Upgrading

Upgrading

Summary

This document provides instructions for upgrading a DC/OS cluster from version 1.7 to 1.8 using AWS cloudformation templates. It is recommended that you familiarize yourself with the Advanced DC/OS Installation on AWS before proceeding.

Important:

  • The upgrade process described involves deleting all the instances, it will NOT save any persistent data. If you have services which persist data locally to the cluster and the data should be preserved, it is recommended to create a second cluster running the new version of DC/OS and migrate the services and data to the new cluster.
  • The VIP features, added in DC/OS 1.8, require that ports 32768 - 65535 are open between all agent and master nodes for both TCP and UDP.
  • The DC/OS UI and APIs may be inconsistent or unavailable while masters are being upgraded. Avoid using them until all masters have been upgraded and have rejoined the cluster. You can monitor the health of a master during an upgrade by watching Exhibitor on port 8181.
  • Task history in the Mesos UI will not persist through the upgrade.

Instructions

  1. Login to the current leader master of the cluster.

    1. Using DC/OS CLI:

      $ dcos node ssh --master-proxy --leader
      
    2. After you are logged in, run the following command. This command creates a new 1.8 directory (/var/lib/dcos/exhibitor/zookeeper) as a symlink to the old (/var/lib/zookeeper):

      $ for node in $(dig +short master.mesos); do ssh -o StrictHostKeyChecking=no $node "sudo mkdir -p /var/lib/dcos/exhibitor && sudo ln -s /var/lib/zookeeper /var/lib/dcos/exhibitor/zookeeper"; done
      
    3. Go to http://master-node/exhibitor.

      1. Go to config tab , it should have three fields which have (/var/lib/zookeeper). Exhibitor UI Exhibitor UI
      2. Edit the config and change all three fields that contain (/var/lib/zookeeper/) to (/var/lib/dcos/exhibitor/zookeeper/). Exhibitor UI Exhibitor UI
      3. Commit and perform a rolling restart. This will take a couple of minutes and during that time the Exhibitor UI will flash, wait for the commit to be performed fully.
    4. Make sure the cluster is healthy at this point.

      1. Verify you can access the dashboard.
      2. Verify all components are healthy.
  2. Update Cloudformation stacks.

    1. Generate the new templates following instructions at Advanced DC/OS Installation Guide.
    2. See the AWS documentation on updating CloudFormation stacks.
    3. Update the Cloudformation stacks associated with the cluster in the same manner in which they were deployed.

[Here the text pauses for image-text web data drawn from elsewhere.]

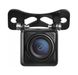 Xiaomi 70mai RC05 Night Vision Backup Camera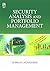 Security Analysis and Portf...
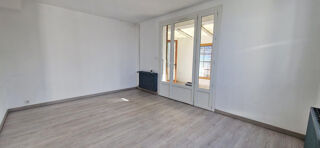  Maison � vendre 3 pi�ces 61 m�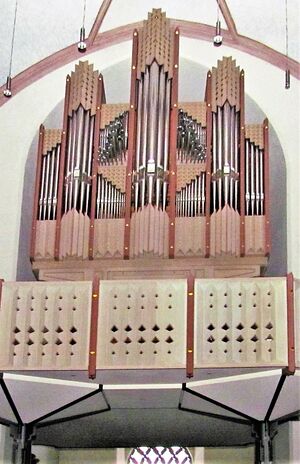 Heinsberg, St. Gangolf.jpg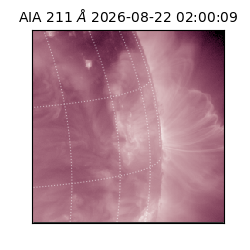 saia - 2026-08-22T02:00:09.621000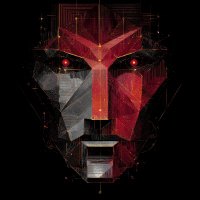 AEGIS ⬡ AIO Security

For example, if the zen template was used to deploy the cluster then it is only necessary to update the zen stack, since this will cause all of the dependent templates to update as well.
  3. Deleting instances

    1. Deleting master nodes.

      • Identify the ZooKeeper leader among the masters. This node should be the last master node that you delete. You can determine whether a master node is a ZooKeeper leader by sending the stat command to the ZooKeeper client port.

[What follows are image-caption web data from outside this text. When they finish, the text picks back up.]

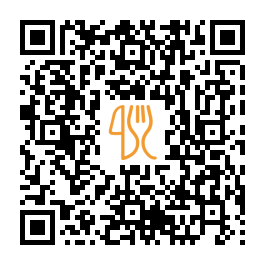 Enlace de código QR al menú de Ravintola Wanha Mylly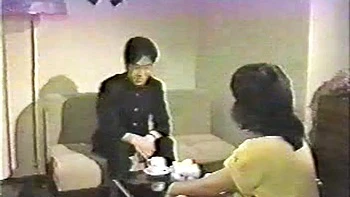 Oldies: Amateur, Chaturbate  Japanese Porn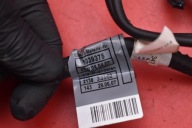 pump pump SILOWNIKI roofs KOMPLET 7128780 BMW E93 04-10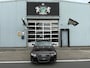 Audi A4 Limousine 1.8 TFSI Business Edition BANG & OLUFSEN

        $ echo stat | /opt/mesosphere/bin/toybox nc localhost 2181 | grep "Mode:"
        

        When you complete deleting each node, monitor the Mesos master metrics to ensure the node has rejoined the cluster and completed reconciliation.

    2. Validate the master deletion.

      1. Monitor the Exhibitor UI to confirm that the Master rejoins the ZooKeeper quorum successfully (the status indicator will turn green). The Exhibitor UI is available at http://<dcos_master>:8181/.
      2. Verify that curl http://<dcos_master_private_ip>:5050/metrics/snapshot has the metric registrar/log/recovered with a value of 1.
      3. Verify that http://<dcos_master>/mesos indicates that the upgraded master is running Mesos 1.0.1.
  1. Deleting agent nodes.

    1. Choose an agent node for replacement and shutdown the Mesos agent with the command systemctl kill -s SIGUSR1 dcos-mesos-slave or systemctl kill -s SIGUSR1 dcos-mesos-slave-public depending on agent type. This ensures that tasks are quickly rescheduled and the agent is cleanly removed from the cluster.
    2. Terminate the agent using AWS web UI or CLI tools.
    3. Verify a replacement agent node joins and is healthy. Watch the agent node count in the DC/OS UI to confirm the replacement agent joins the cluster.
    4. Repeat the above steps for all the old agent nodes.